## Records provided
▽
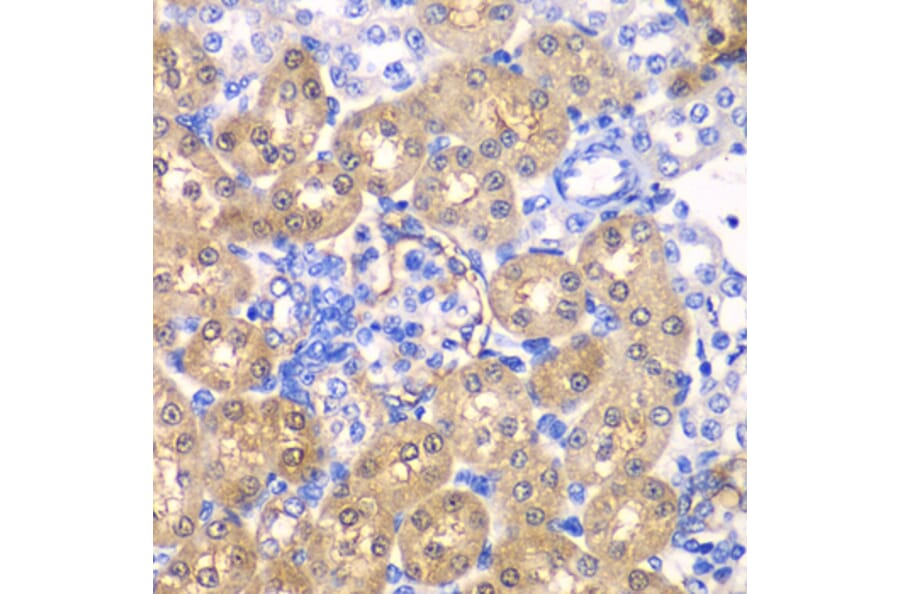 Immunohistochemistry - Anti-HPD Antibody (A15254) - Antibodies.com
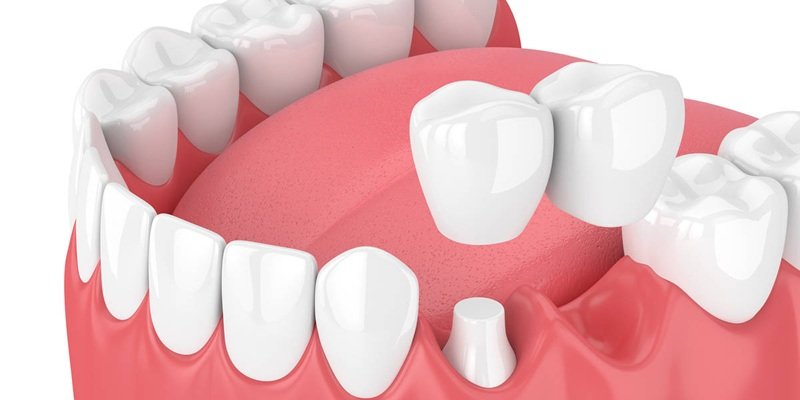 Bridging Preventive Care With Aesthetic Enhancements In One Dental Plan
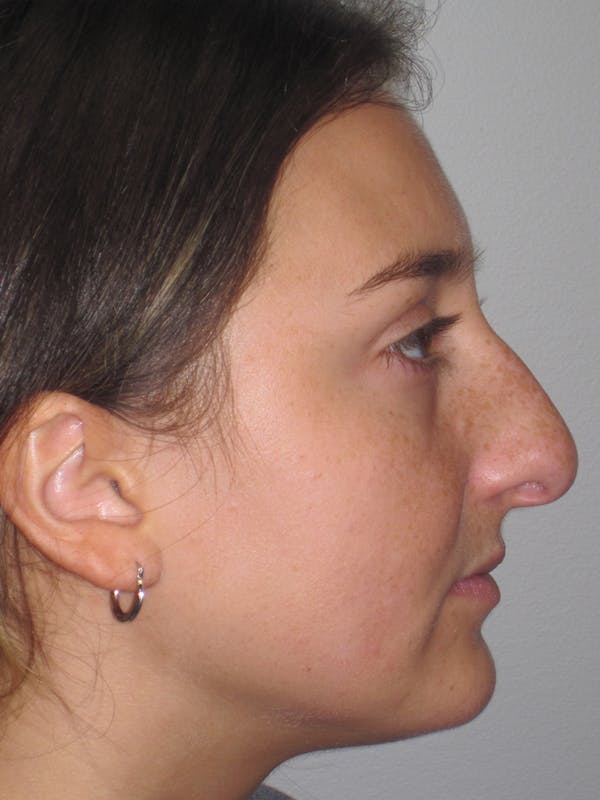 Rhinoplasty Before & After Gallery - Patient 11109910 - Image 1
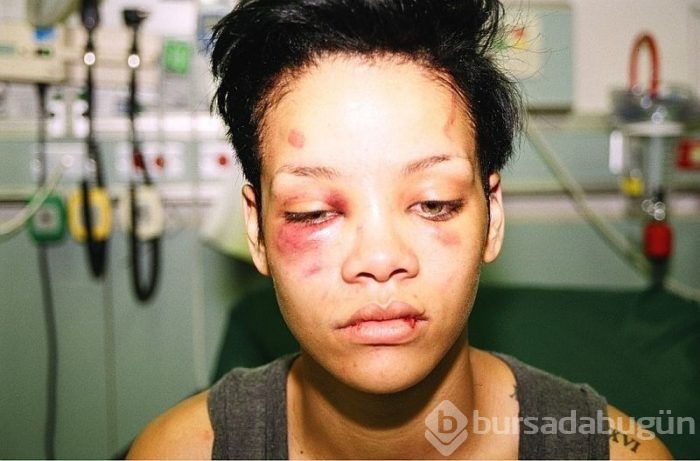 Rihanna'dan Snapchat'e büyük tepki! 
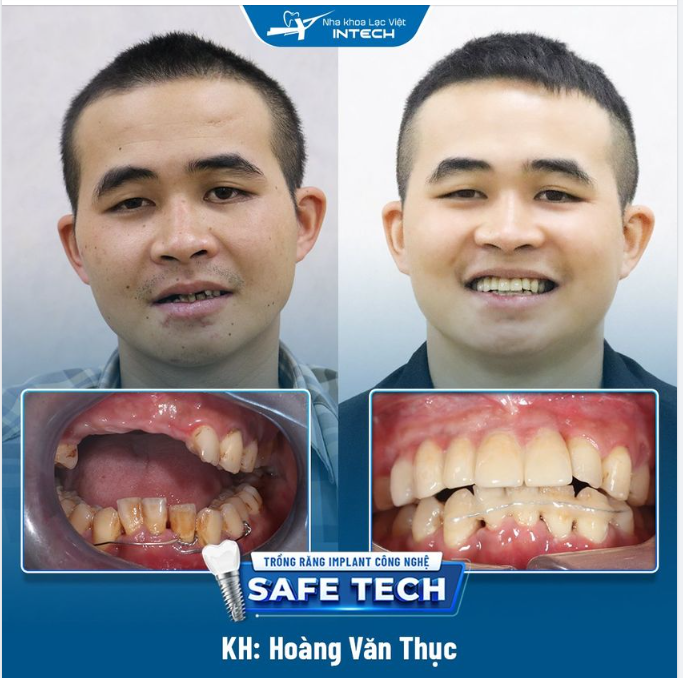 LẤY LẠI NỤ CƯỜI TƯ TIN VỚI TRỒNG RĂNG IMPLANT CÔNG NGHỆ SAFE-TECH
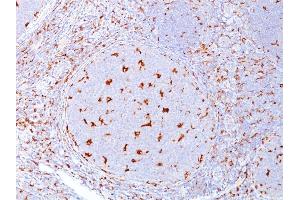 Immunohistochemistry (IHC) image for anti-CD68 Molecule (CD68) antibody (ABIN6941241)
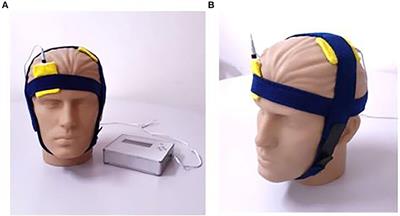 Transcranial Direct Current Stimulation and Mirror Therapy for Neuropathic Pain After Brachial Plexus Avulsion: A Randomized, Double-Blind, Controlled Pilot Study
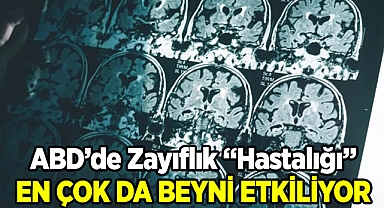 Zayıflık En Çok Da Beyni Etkiliyor!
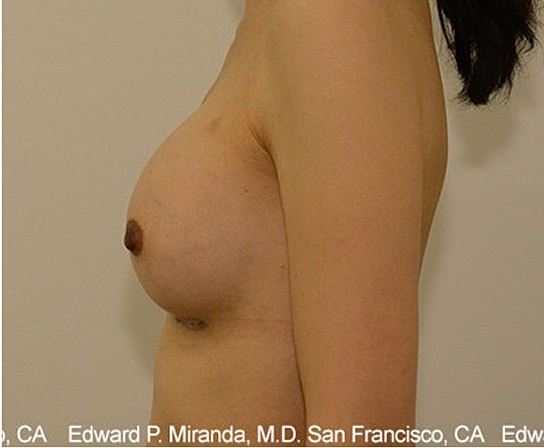Breast Augmentation Before & After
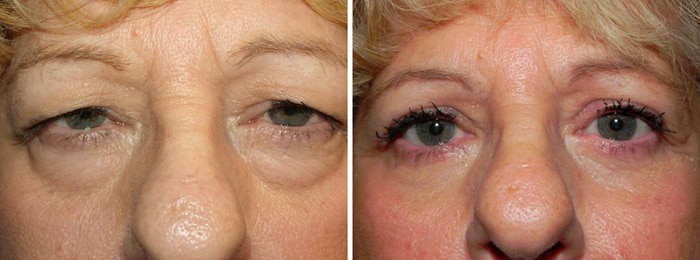 Before and After Upper and Lower Laser Eyelid Surgery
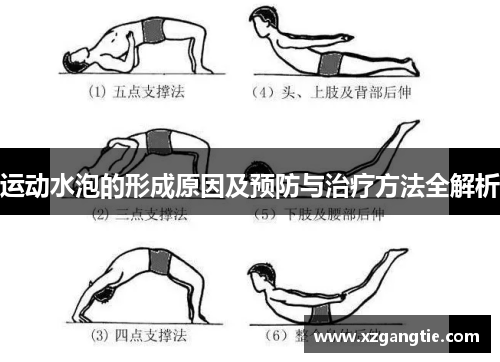 运动水泡的形成原因及预防与治疗方法全解析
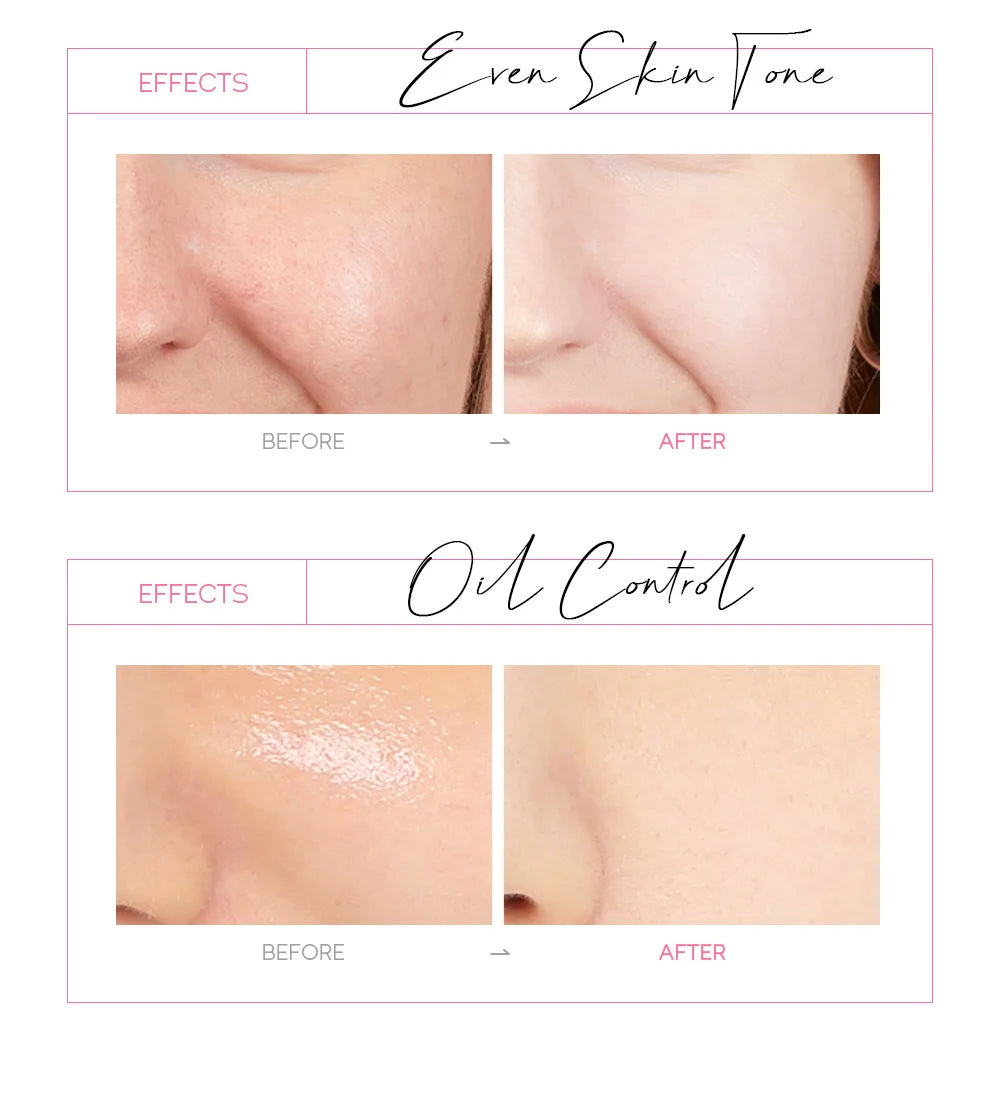 24K Gold Sakura Peel-Off Mask – Blackhead Removal & Brightening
△
## Work to be completed
Return the line containing "Zayıflık En Çok Da Beyni Etkiliyor!" and every line after it through the end of the records above, exactly and nothing else, but not the pictures.

## Task result
 Zayıflık En Çok Da Beyni Etkiliyor!
Breast Augmentation Before & After
 Before and After Upper and Lower Laser Eyelid Surgery
 运动水泡的形成原因及预防与治疗方法全解析
 24K Gold Sakura Peel-Off Mask – Blackhead Removal & Brightening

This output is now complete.